*YOUR GOAL:* Would you print every entry below exactly as written, omitting the images?

Data excerpts
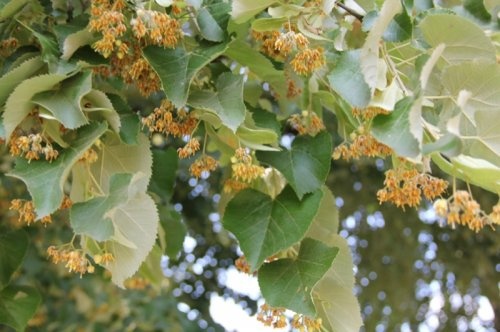 Zilverlinde, leivorm, detailfoto bloem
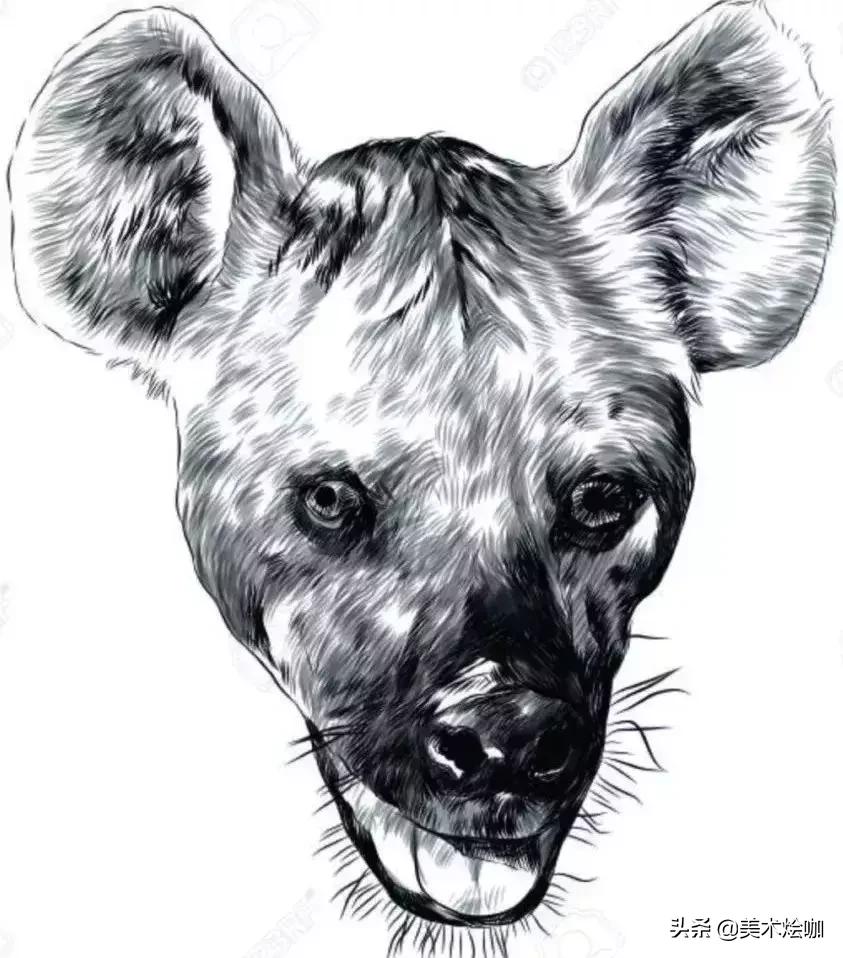 6-12岁儿童素描课程画动物,素描动物教程简单8-12岁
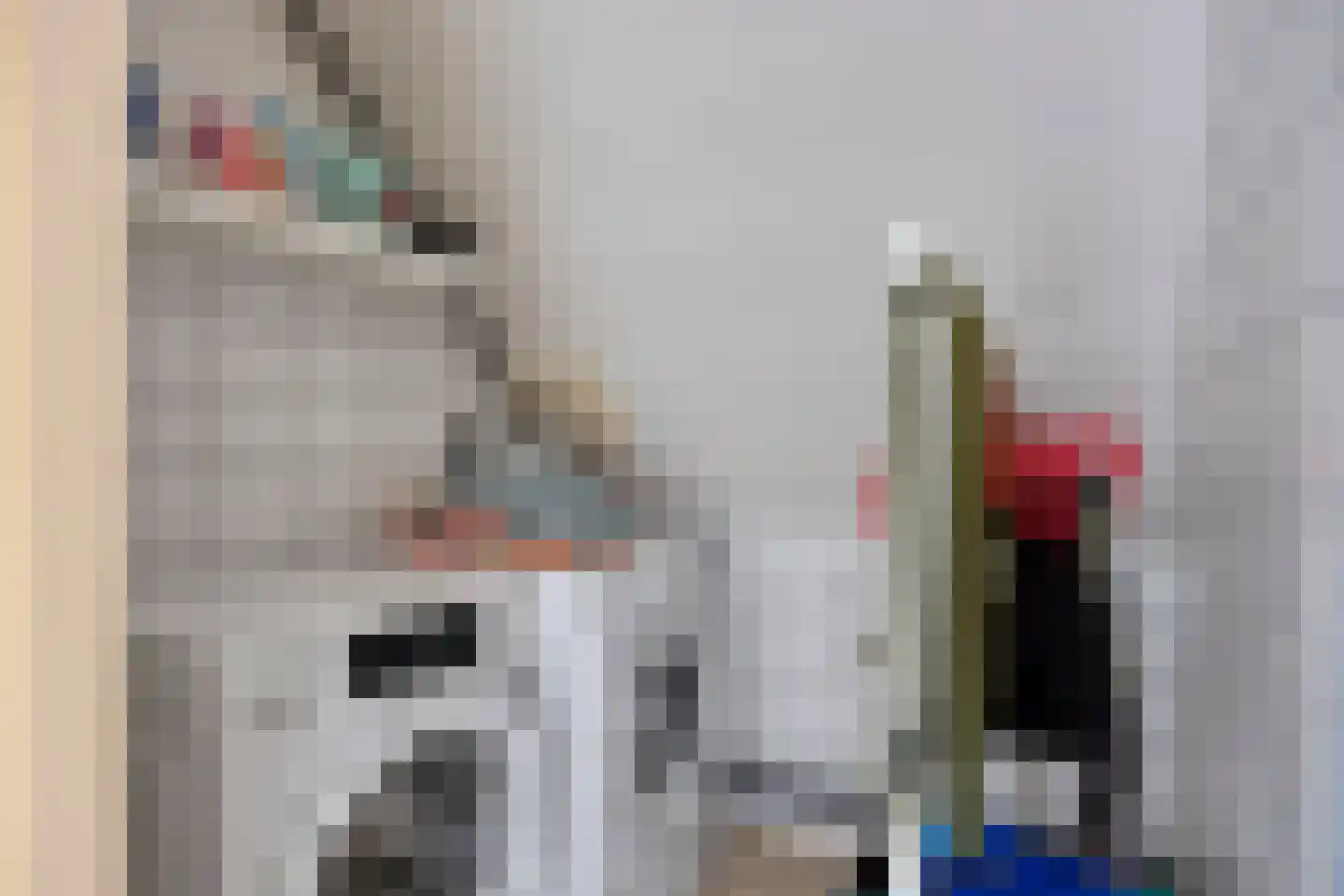 Zwanendonk 2 Oosterhout thumbnail 20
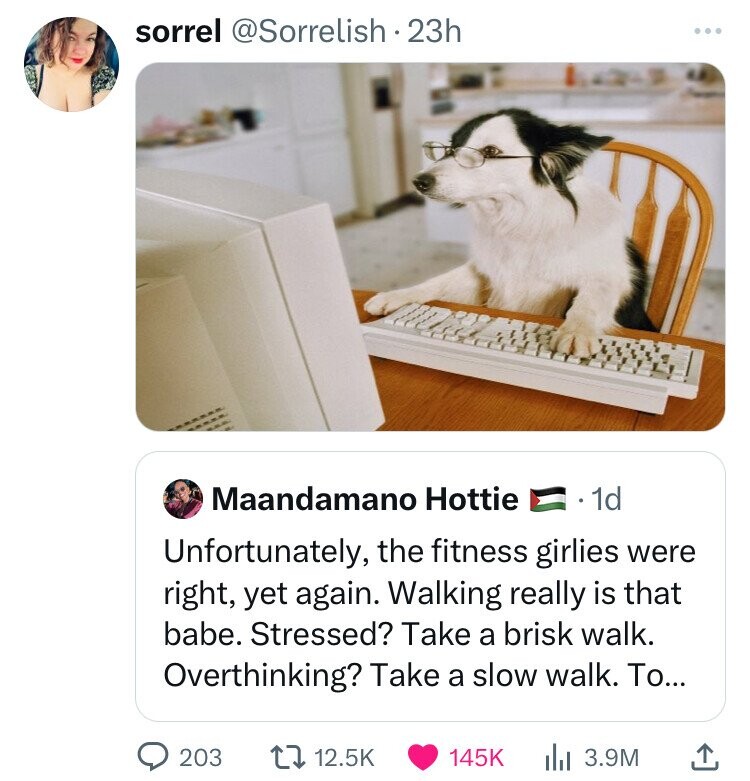 sorrel @Sorrelish . 23h Maandamano Hottie 1d Unfortunately, the fitness girlies were right, yet again. Walking really is that babe. Stressed? Take a brisk walk. Overthinking? Take a slow walk. To... 203 12.5K 145K 3.9M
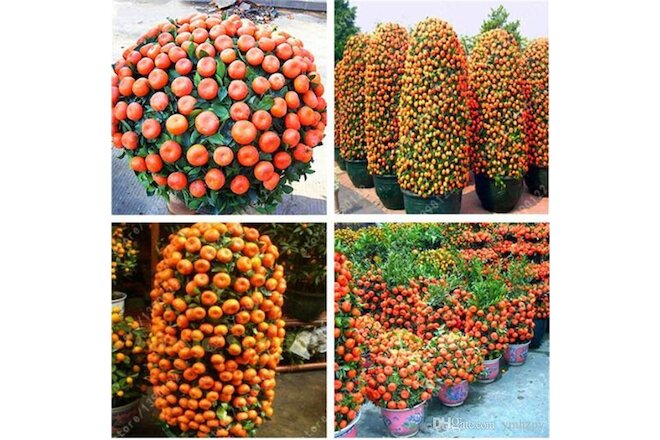 20 Dwarf Tangerine Mandarin Orange Citrus Fruit Bonsai Tree Seeds Easy Grow !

*WRITTEN REPLY:*
 Zilverlinde, leivorm, detailfoto bloem
 6-12岁儿童素描课程画动物,素描动物教程简单8-12岁
 Zwanendonk 2 Oosterhout thumbnail 20
 sorrel @Sorrelish . 23h Maandamano Hottie 1d Unfortunately, the fitness girlies were right, yet again. Walking really is that babe. Stressed? Take a brisk walk. Overthinking? Take a slow walk. To... 203 12.5K 145K 3.9M
 20 Dwarf Tangerine Mandarin Orange Citrus Fruit Bonsai Tree Seeds Easy Grow !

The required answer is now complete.